SOURCE DATA
------
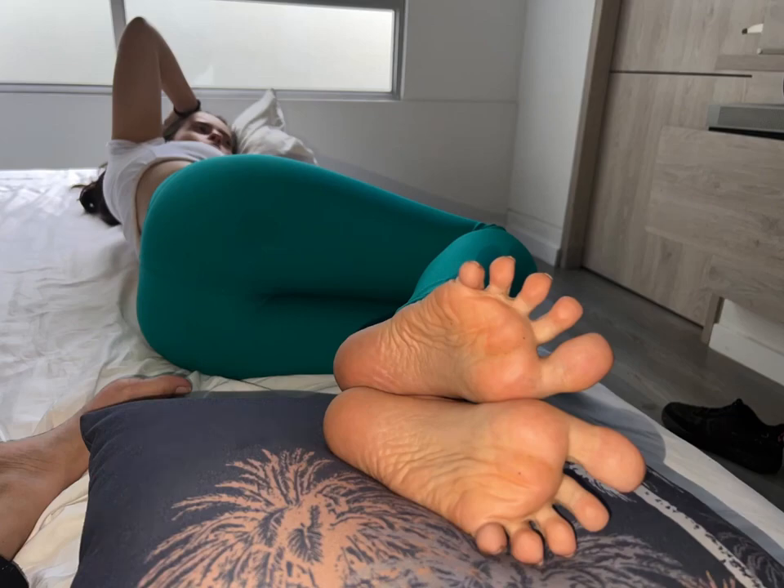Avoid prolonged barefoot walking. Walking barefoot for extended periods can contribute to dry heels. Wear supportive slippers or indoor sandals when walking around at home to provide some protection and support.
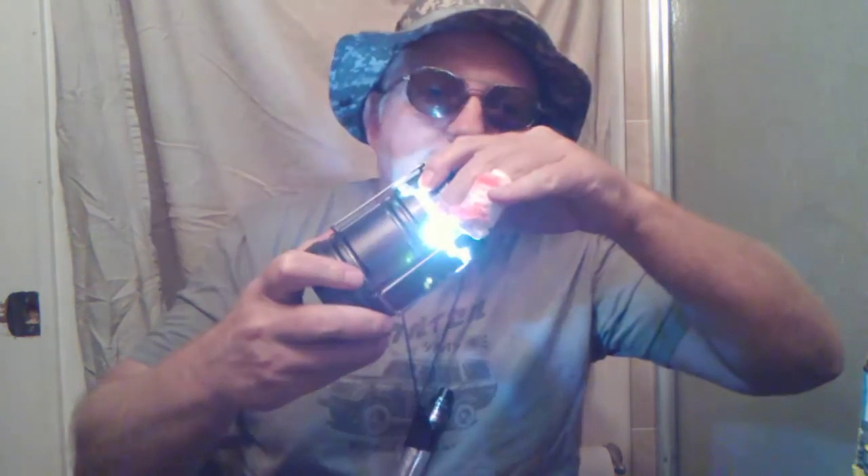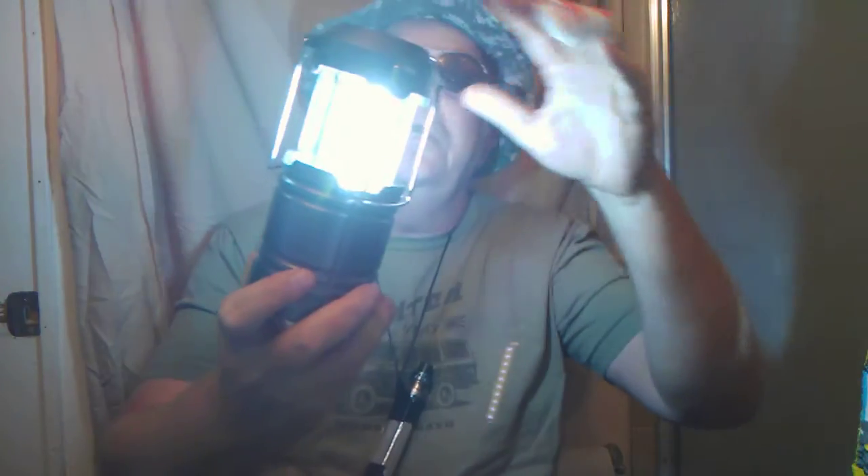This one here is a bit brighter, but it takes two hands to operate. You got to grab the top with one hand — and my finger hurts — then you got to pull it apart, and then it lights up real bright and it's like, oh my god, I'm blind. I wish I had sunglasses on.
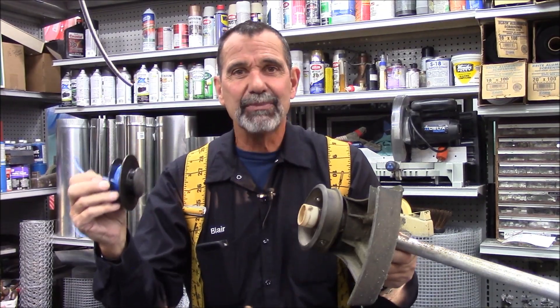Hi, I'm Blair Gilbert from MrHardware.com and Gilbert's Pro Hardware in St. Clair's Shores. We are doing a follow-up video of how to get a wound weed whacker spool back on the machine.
------
ACTION ITEM
Output the material word for word. Pictures do not go in.

SOLUTION
Avoid prolonged barefoot walking. Walking barefoot for extended periods can contribute to dry heels. Wear supportive slippers or indoor sandals when walking around at home to provide some protection and support.
This one here is a bit brighter, but it takes two hands to operate. You got to grab the top with one hand — and my finger hurts — then you got to pull it apart, and then it lights up real bright and it's like, oh my god, I'm blind. I wish I had sunglasses on.
Hi, I'm Blair Gilbert from MrHardware.com and Gilbert's Pro Hardware in St. Clair's Shores. We are doing a follow-up video of how to get a wound weed whacker spool back on the machine.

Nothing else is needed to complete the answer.